Task brief
Wherever a line in the material contains the word "condition", copy that line.

═══

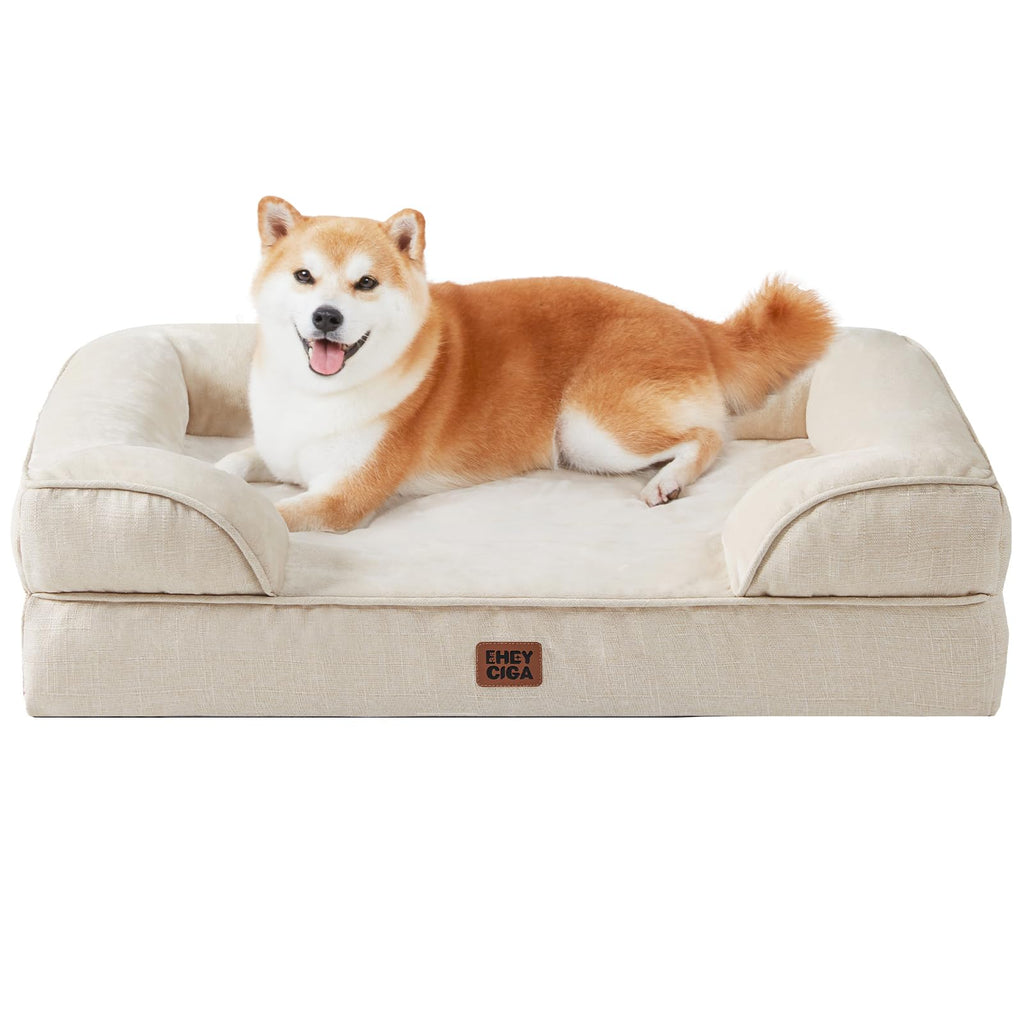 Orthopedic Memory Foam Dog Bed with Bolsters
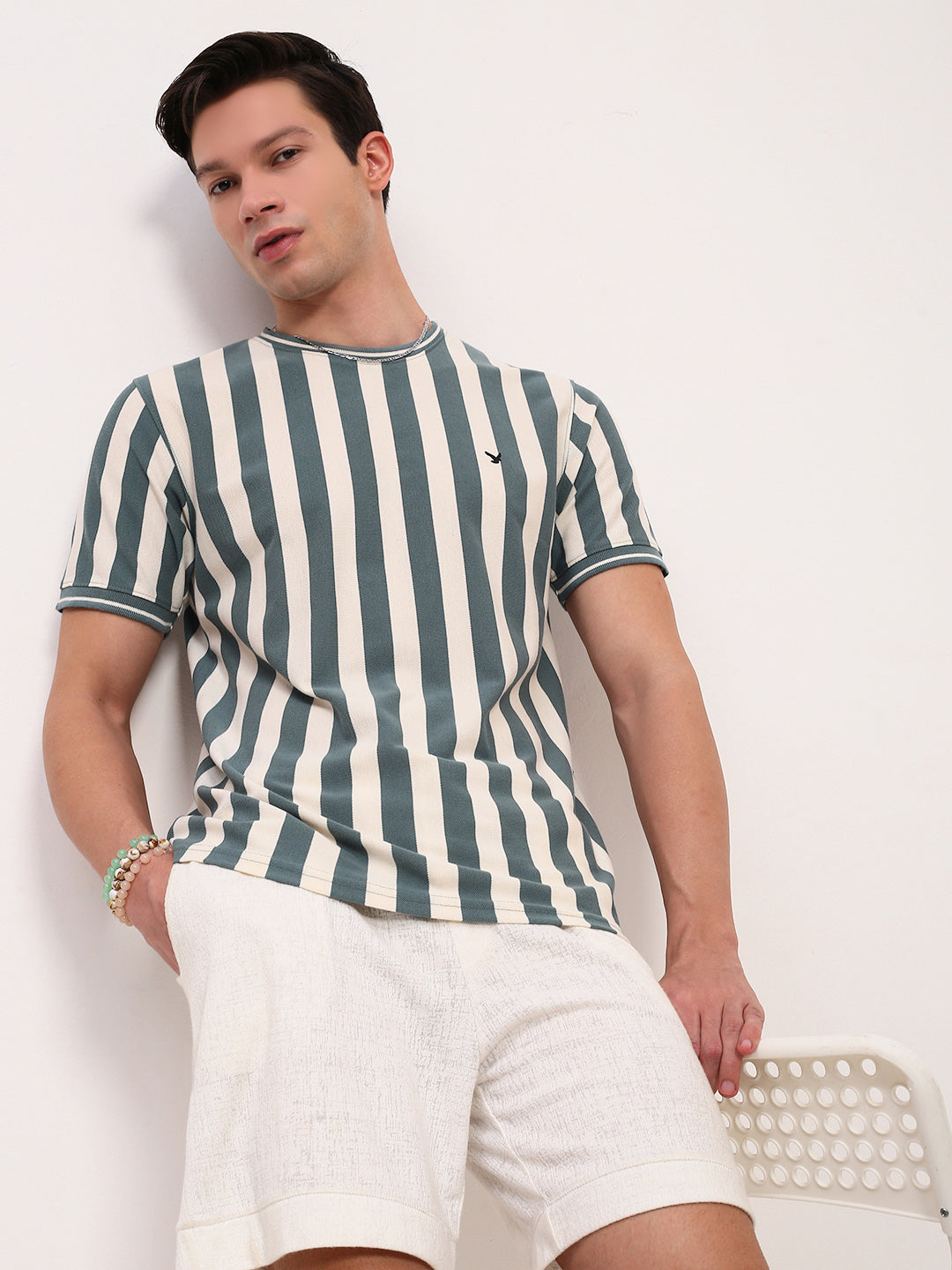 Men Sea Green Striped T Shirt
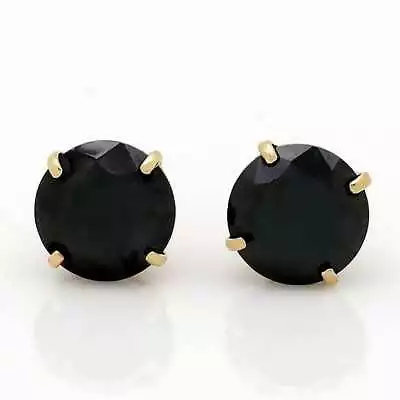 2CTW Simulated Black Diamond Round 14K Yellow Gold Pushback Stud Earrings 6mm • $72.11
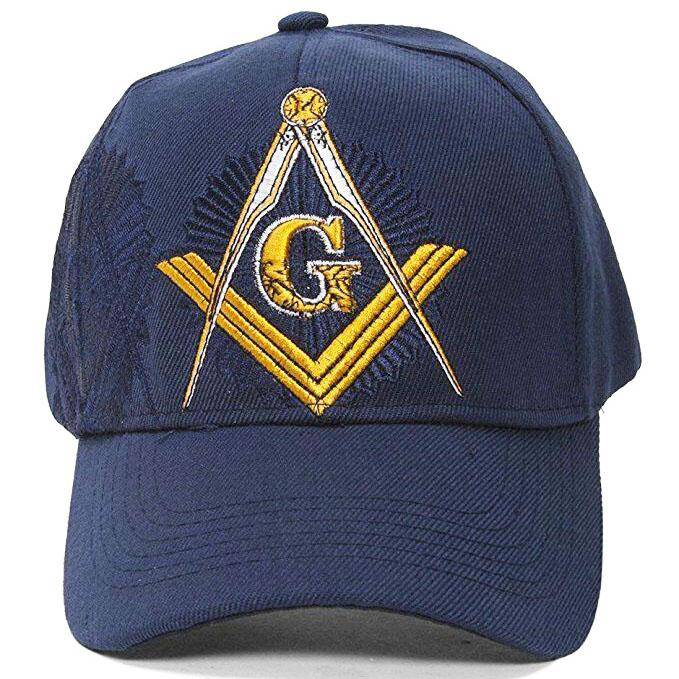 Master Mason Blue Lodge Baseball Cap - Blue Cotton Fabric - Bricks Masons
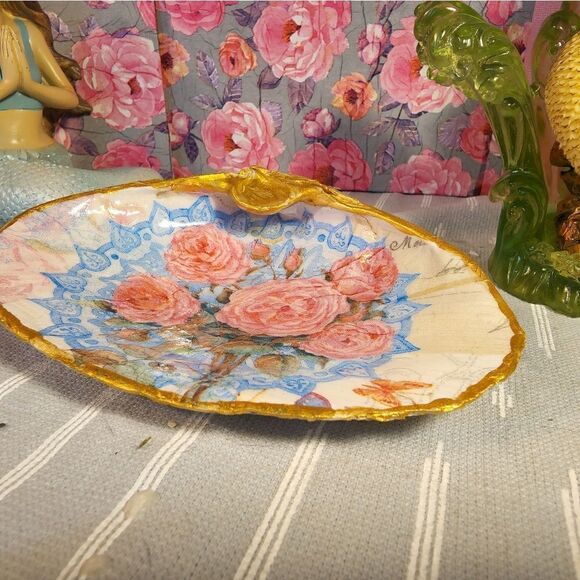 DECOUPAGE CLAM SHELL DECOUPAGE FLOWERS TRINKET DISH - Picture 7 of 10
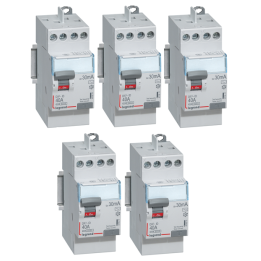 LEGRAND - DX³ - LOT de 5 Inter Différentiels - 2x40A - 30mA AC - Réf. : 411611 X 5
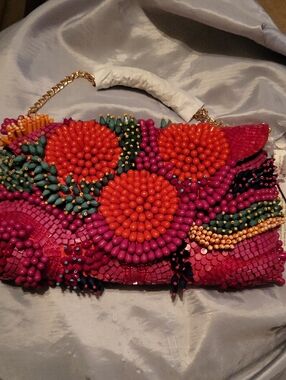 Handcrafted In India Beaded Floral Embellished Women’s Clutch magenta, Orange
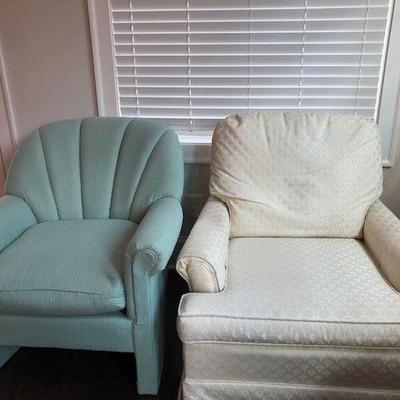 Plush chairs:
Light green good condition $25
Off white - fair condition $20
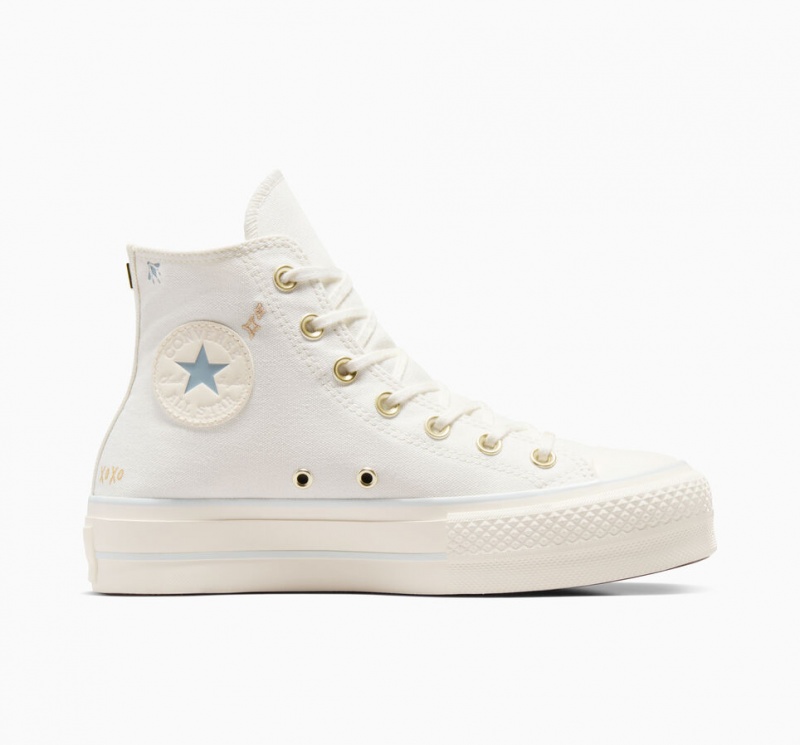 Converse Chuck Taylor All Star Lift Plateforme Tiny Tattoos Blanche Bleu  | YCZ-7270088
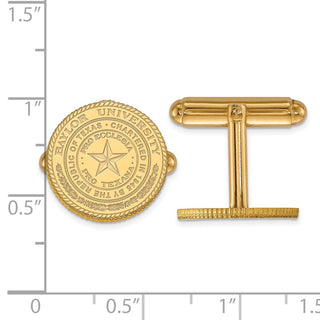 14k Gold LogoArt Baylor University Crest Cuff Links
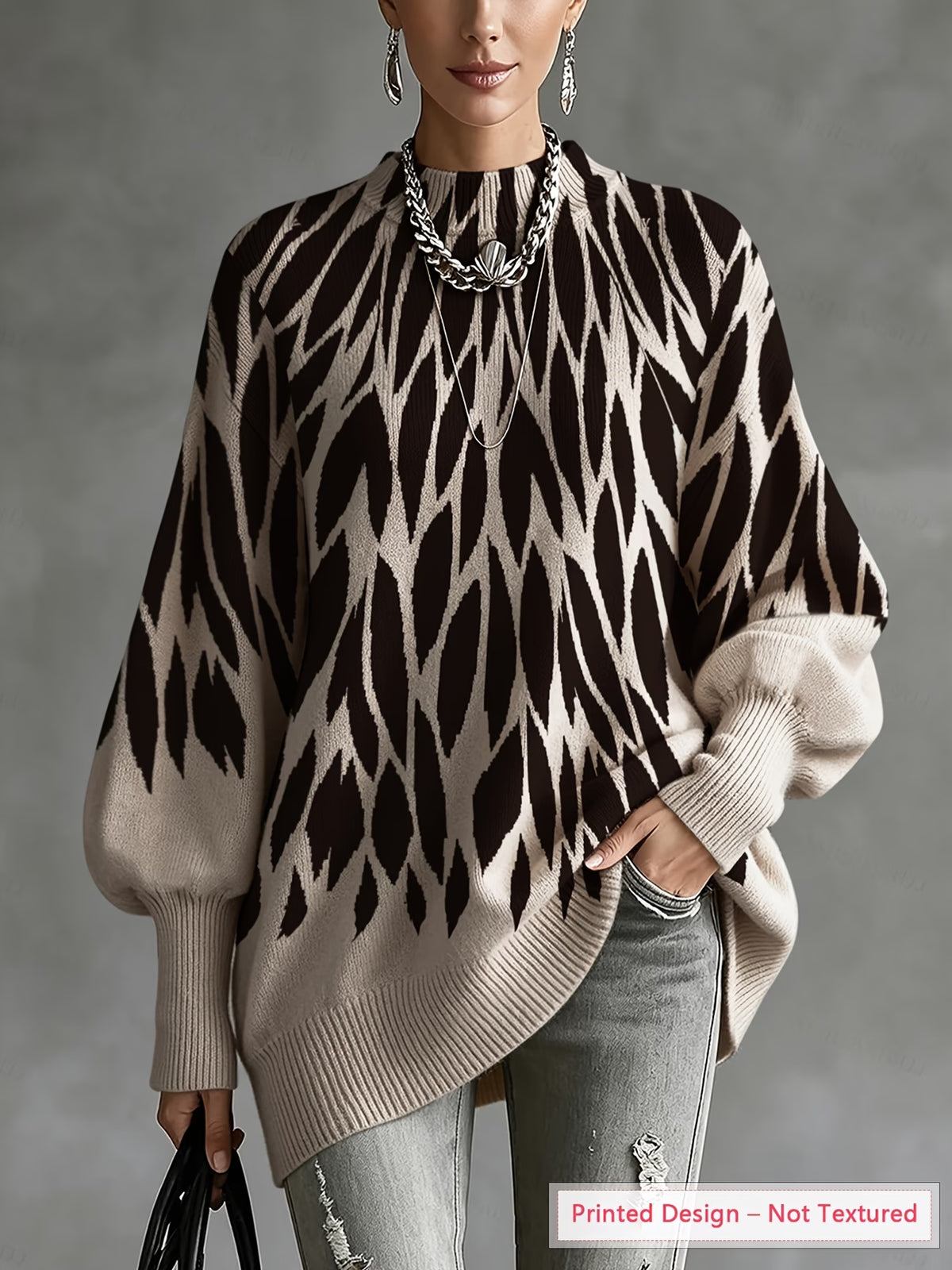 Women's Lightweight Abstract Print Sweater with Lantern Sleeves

═══

Answer to this task
Light green good condition $25
Off white - fair condition $20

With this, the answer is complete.